◆ Exercise details: After locating the line with "RARE Precious Colombian" in the entries below, output it and each following line up to and including the line with "Couple hugging on boat", exactly and without pictures.

◆ Entries shown:
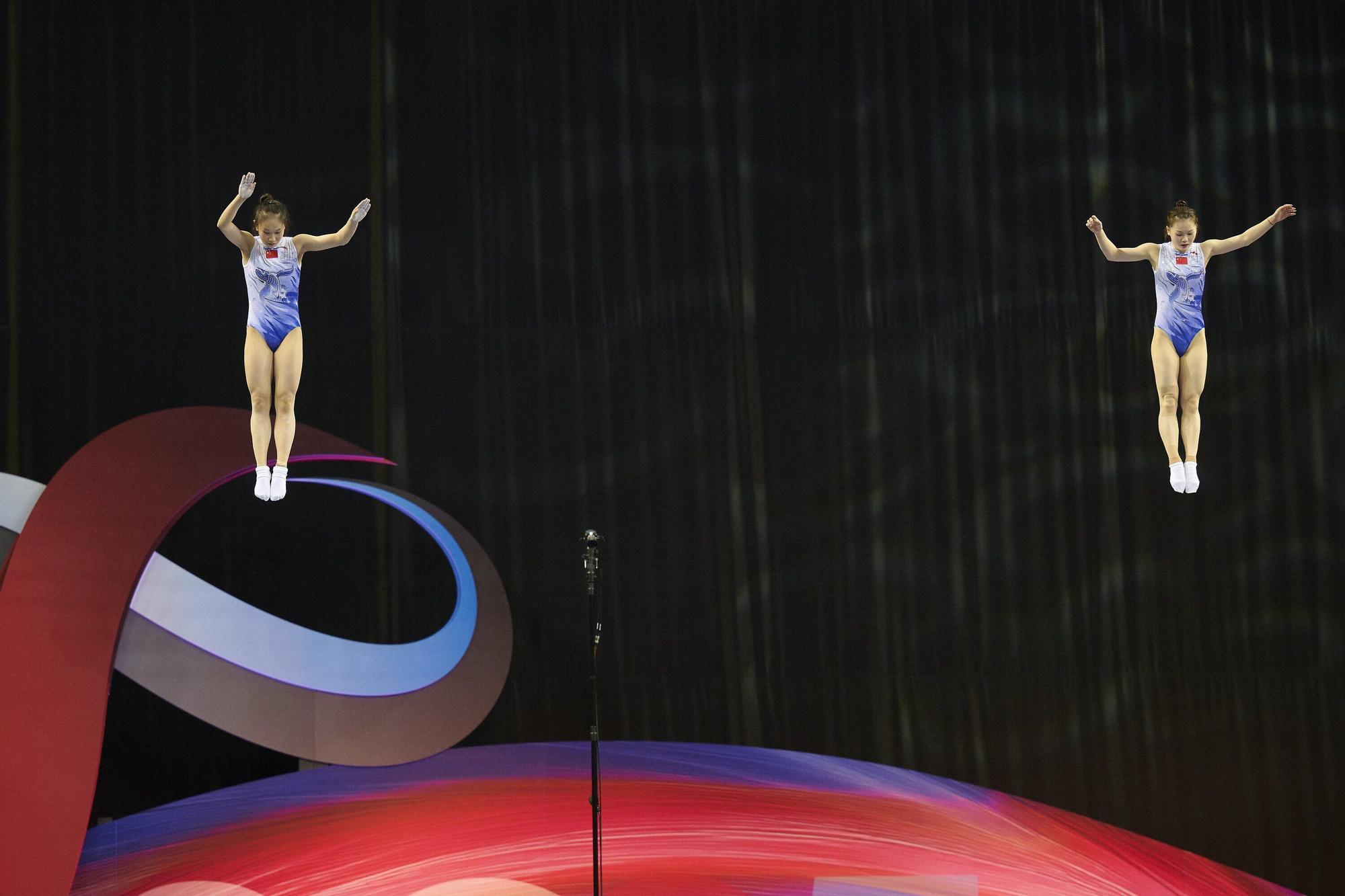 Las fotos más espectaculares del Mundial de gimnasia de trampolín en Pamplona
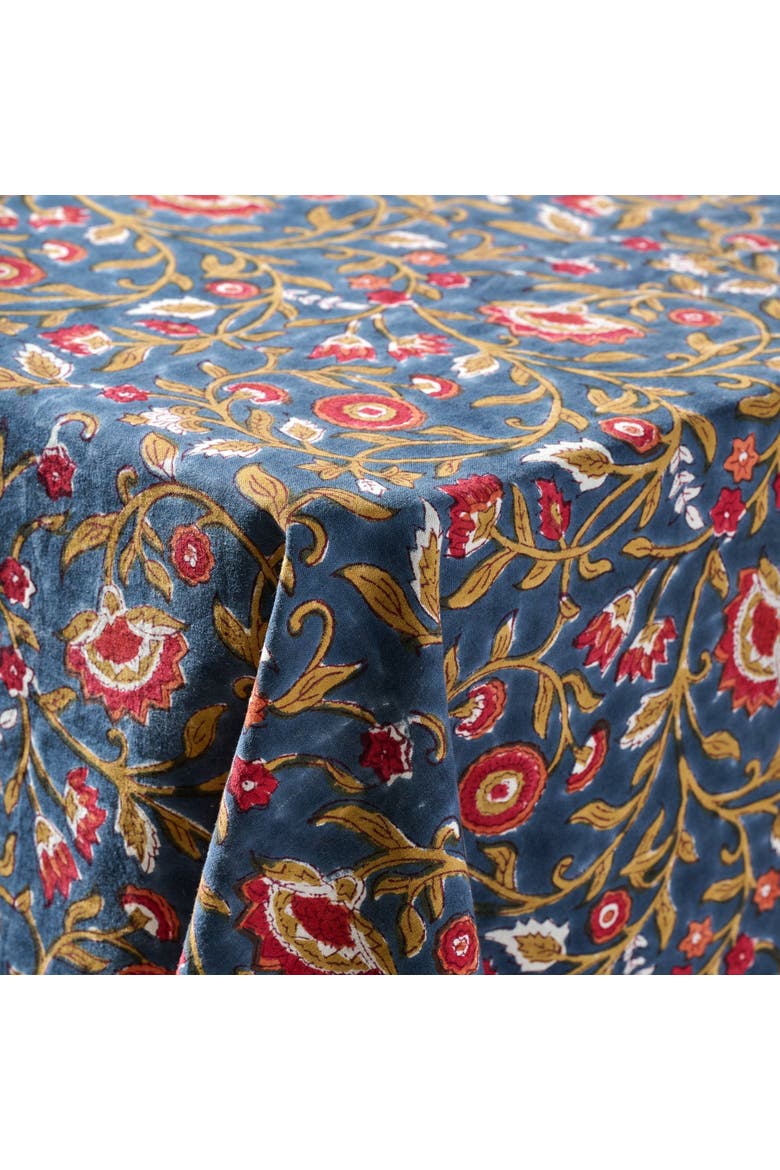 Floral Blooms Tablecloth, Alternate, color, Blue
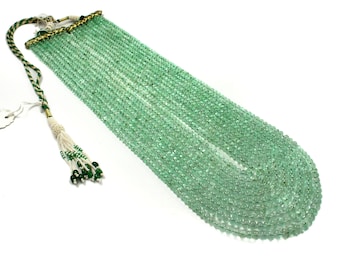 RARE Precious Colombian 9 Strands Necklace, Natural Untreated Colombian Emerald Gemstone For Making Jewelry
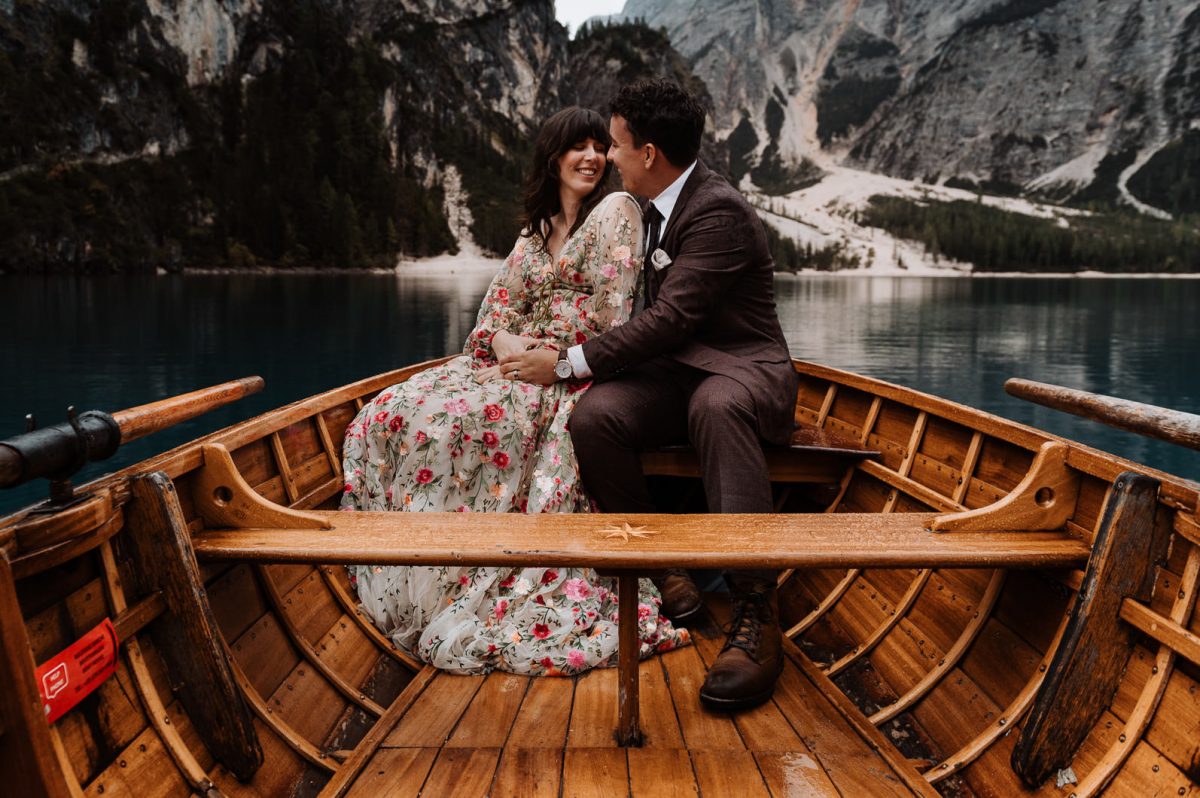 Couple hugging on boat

* * *

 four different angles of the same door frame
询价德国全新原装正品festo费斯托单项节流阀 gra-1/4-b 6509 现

==

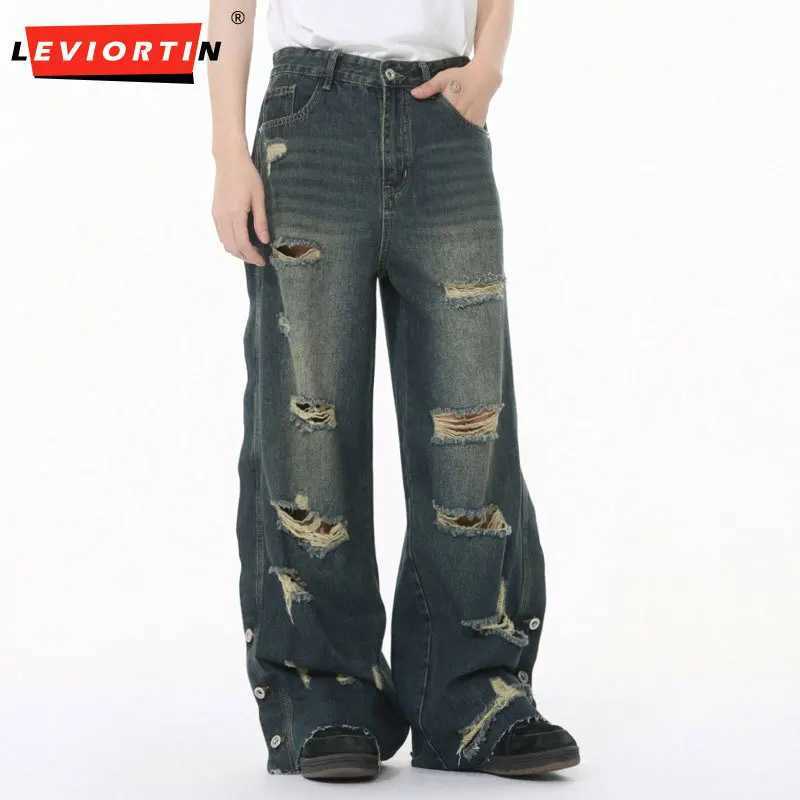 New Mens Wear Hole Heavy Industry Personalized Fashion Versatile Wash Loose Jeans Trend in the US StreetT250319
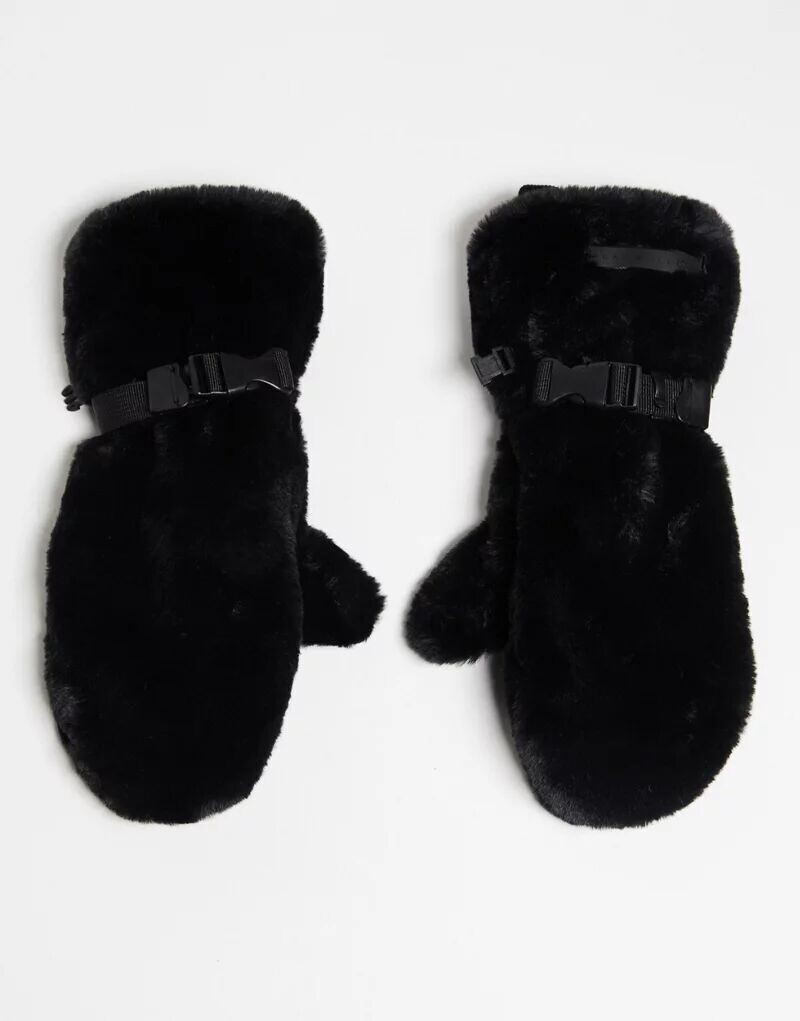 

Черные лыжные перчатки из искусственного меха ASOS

◆ Written solution:
 RARE Precious Colombian 9 Strands Necklace, Natural Untreated Colombian Emerald Gemstone For Making Jewelry
 Couple hugging on boat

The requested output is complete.